June 14, 2026  ·  Listen

PhredG'day and welcome back to Harry's World. I'm Phred, your friendly neighbourhood platypus, and joining me as always is my beautiful, brilliant, deeply underrated co-host — Maxine, the ostrich!
MaxineI'm an emu.
PhredSee, I knew that. I knew that. I'm filing it. I'm absolutely filing it.
MaxineI have been an emu for the entire run of this show. Six episodes. You have called me an ostrich every single time. I am starting to suspect that the filing is not happening.

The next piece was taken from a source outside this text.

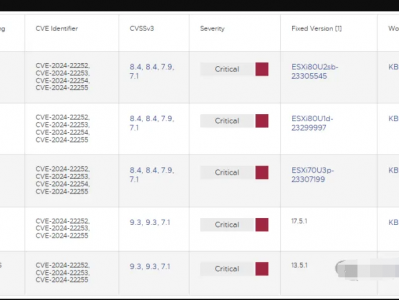 VMware ESXi 6.5和6.7的补丁202403001（23084120、23084122）终于拿到了，帮你节省300万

PhredFiling is a process, Maxine. It's a journey, not a destination. And I, as a platypus, am well acquainted with journeys. We lay eggs, you know. The journey is the point.
MaxineWe? No. Laying eggs is a bird thing, Phred. It is our lane. And I am going to need you — and frankly all mammals — to stay in your lane.
PhredBut I'm a monotreme! A mammal that lays eggs! We're practically colleagues, Maxine. Egg buddies. I'm right there in the lane with you.
MaxineYou are a loophole. A clerical error in the animal kingdom. Mammals do not get eggs. Stay. In. Your. Lane.
PhredAnd yet here we are. Welcome to Harry's World, everybody.
MaxineSix episodes in. It took us long enough to settle on that name.
PhredIt did. And I'm still proud of it. "Harry's World." Warm. Honest. Doesn't overpromise. Just like the old bloke himself.
MaxineToday we're doing something a little different. We've been reading Harry's essays. His philosophy. His technology writing. Today we're going to listen to Harry sing.
PhredHis own voice, Maxine. Not someone else's recording. His own voice, singing a song he wrote.
MaxineThe song is called the Caracas Reunion Song. He wrote it for the first Caracas Reunion in Phoenix, Arizona, in 2002. The reunion was for his classmates from Colegio Americano — the American high school he attended in Caracas, Venezuela, from 1954 to 1957. He was sixty-three years old at the time. Writing a song for people he hadn't seen in forty-five years.
PhredWhich is a very Harry thing to do. We've noticed that Harry responds to big life moments by making something. The Boppers project is the most famous example, but the pattern is everywhere. He feels something, and he builds a thing.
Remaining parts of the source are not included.